[Crawled caption data]
[Start of Attachment]
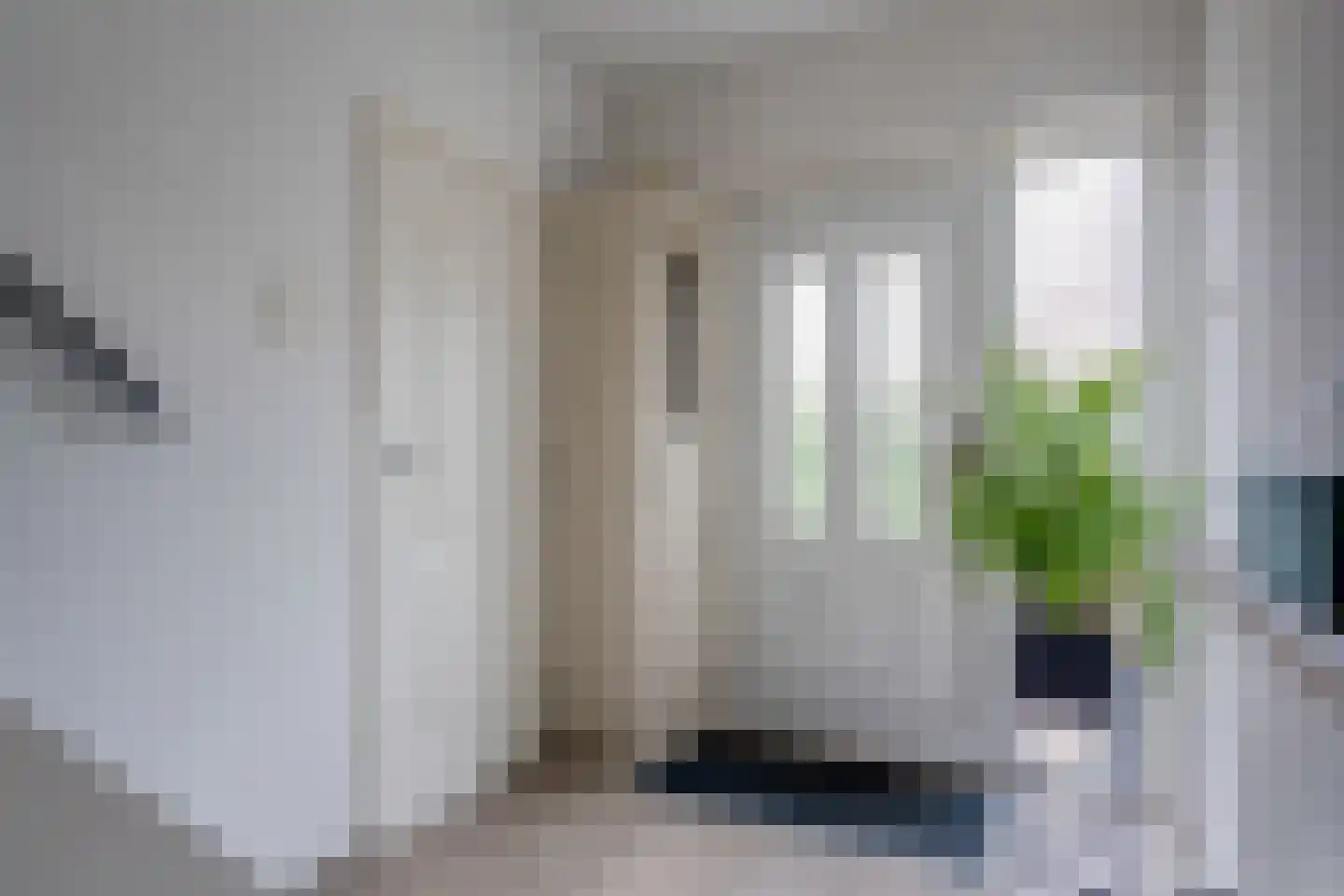 Hoofdweg 48 Holwierde thumbnail 19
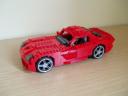 viper04.jpg
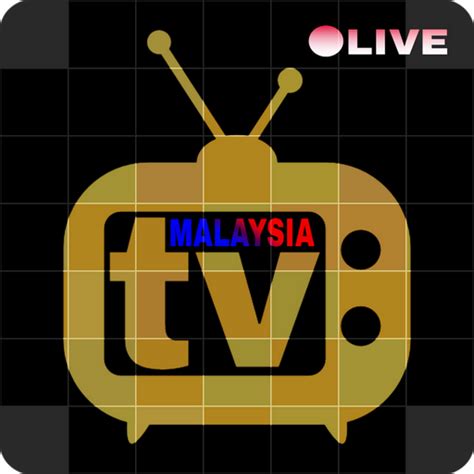 malaysia tv live streaming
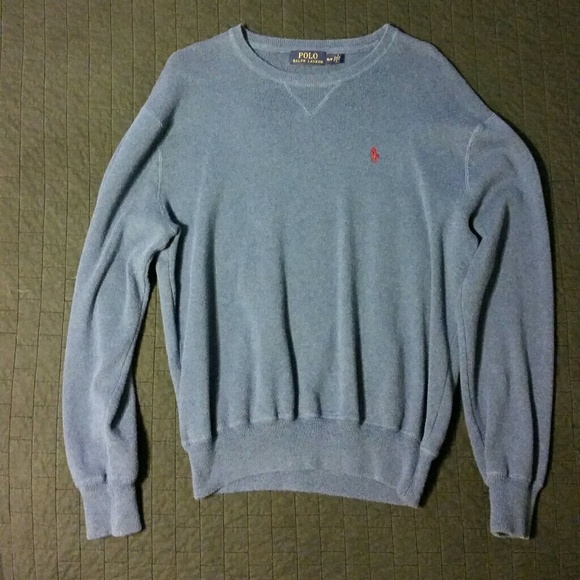 Ralph Lauren Other - Ralph Lauren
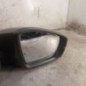 Retroviseur droit VOLKSWAGEN POLO 5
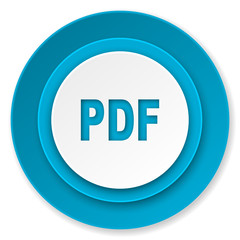 pdf icon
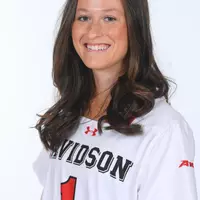 Davidson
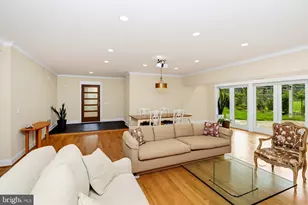 1221 School Ln, Rydal, PA 19046 - Photo 15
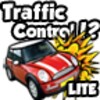 Traffic Control!? LITE icon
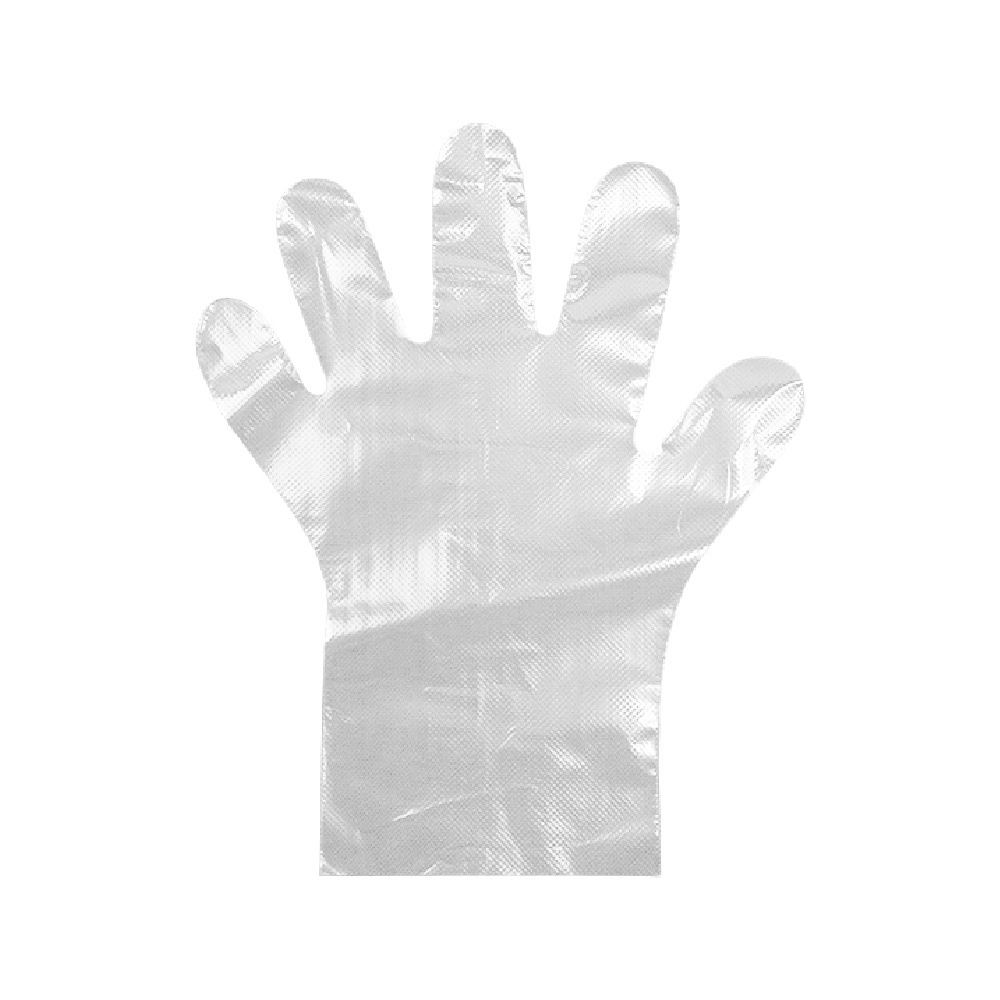 sg-11134201-7qvcu-lj3lwx5xthl52c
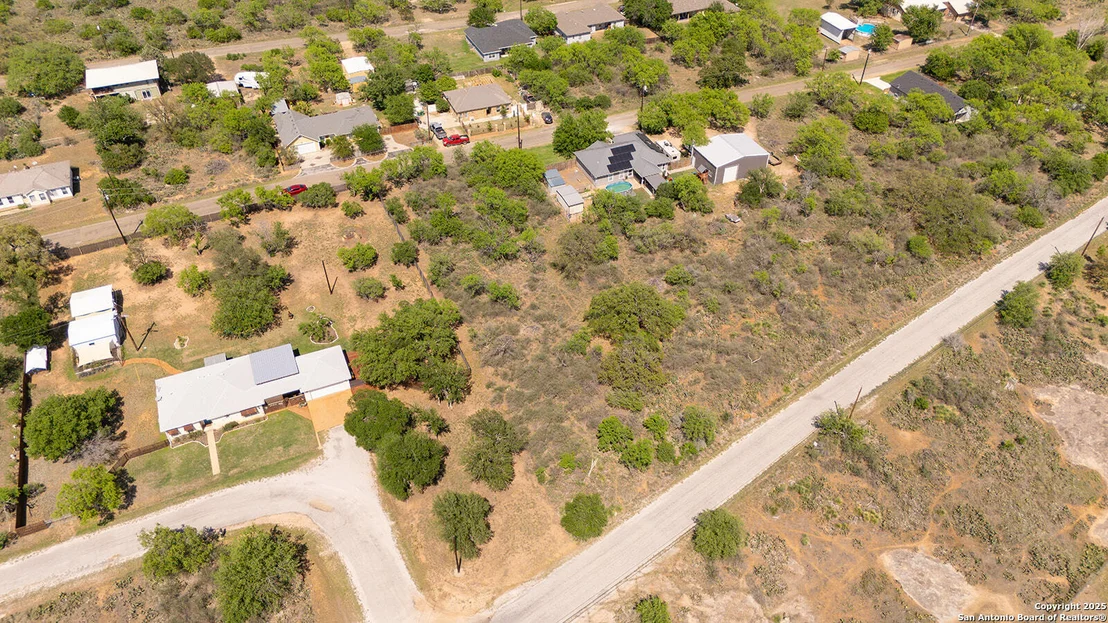 Photo of LOT 655 TBD Mistletoe Dr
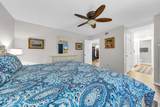 44 Breakwater Bay - Photo 11
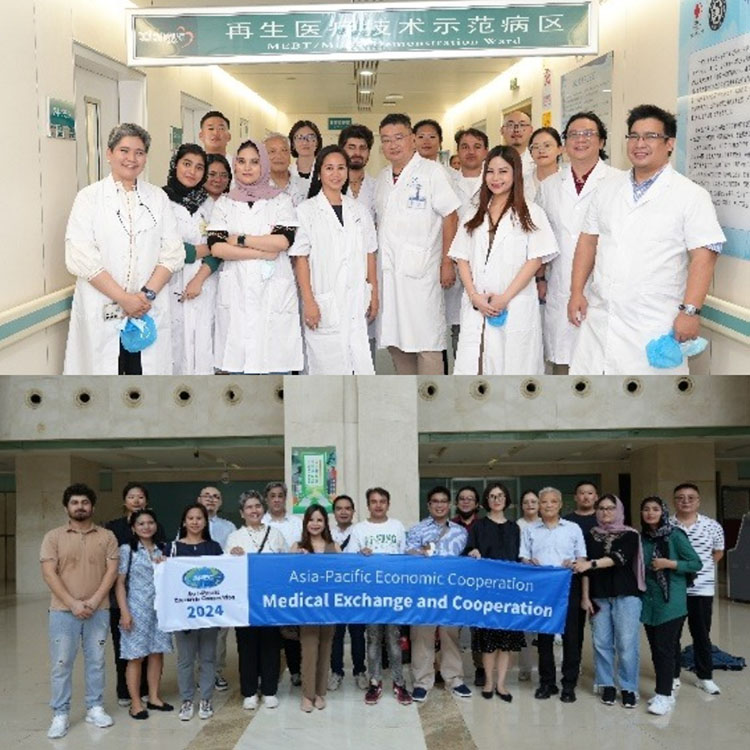 Stake官方·(中国区)网站入口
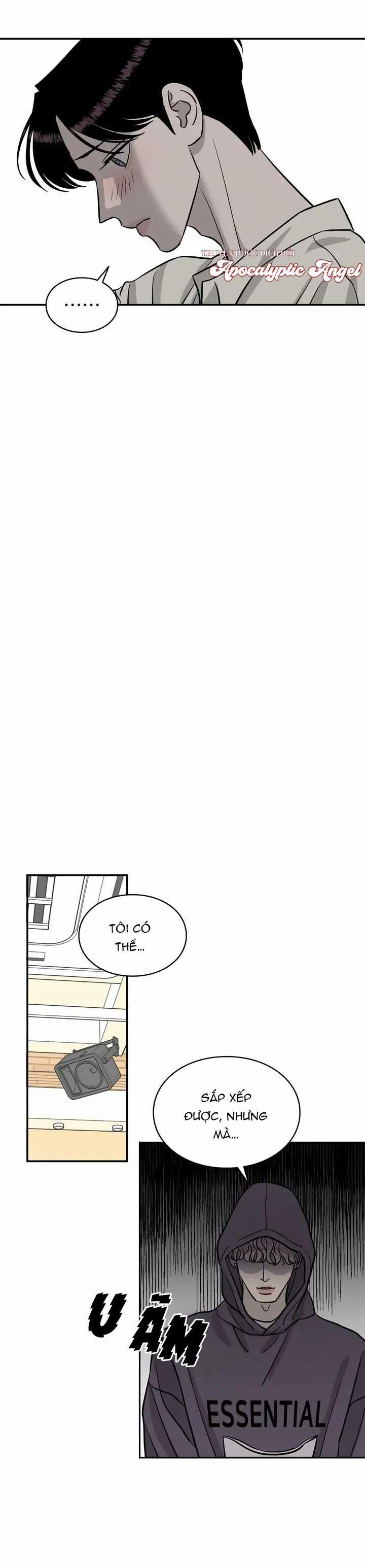 Vươn Tới Những Vì Sao 42 trang 20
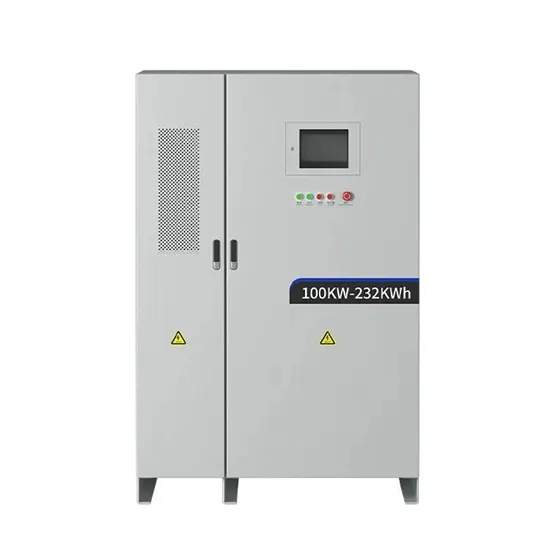 Wind power transfer from communication base stations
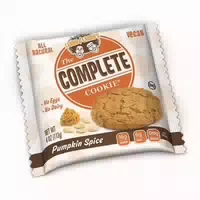 Lenny & Larry Complete Cookie 12x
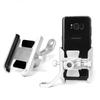 Shockproof Mobile Phone Holder for Electric Bicycle and Motorcycle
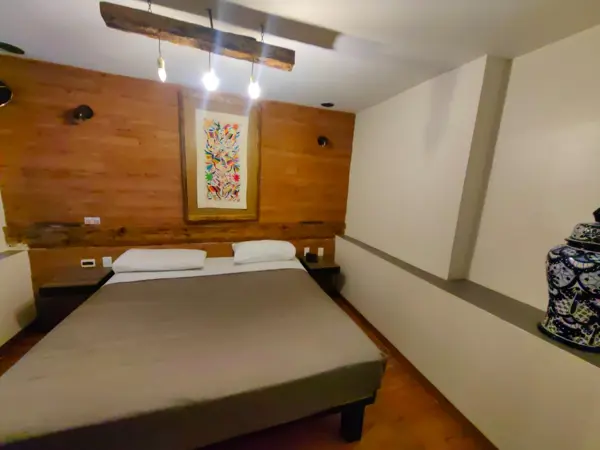 Hotel en venta en Centro (Área 1), Cuauhtémoc — foto 3 de 30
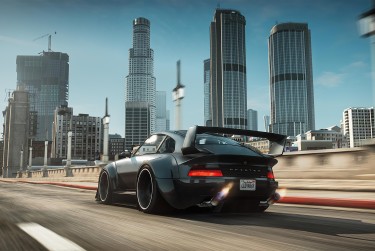 佛山顺德区1市营业执照无抵押贷款快速申请攻略轻松融资无忧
[End of Attachment]
Your reply should restate every entry exactly, with the pictures left out.

→ ANSWER SPACE:
 Hoofdweg 48 Holwierde thumbnail 19
 viper04.jpg
 malaysia tv live streaming
 Ralph Lauren Other - Ralph Lauren
 Retroviseur droit VOLKSWAGEN POLO 5
 pdf icon
 Davidson
 1221 School Ln, Rydal, PA 19046 - Photo 15
 Traffic Control!? LITE icon
 sg-11134201-7qvcu-lj3lwx5xthl52c
 Photo of LOT 655 TBD Mistletoe Dr
 44 Breakwater Bay - Photo 11
 Stake官方·(中国区)网站入口
 Vươn Tới Những Vì Sao 42 trang 20
 Wind power transfer from communication base stations
 Lenny & Larry Complete Cookie 12x
 Shockproof Mobile Phone Holder for Electric Bicycle and Motorcycle
 Hotel en venta en Centro (Área 1), Cuauhtémoc — foto 3 de 30
 佛山顺德区1市营业执照无抵押贷款快速申请攻略轻松融资无忧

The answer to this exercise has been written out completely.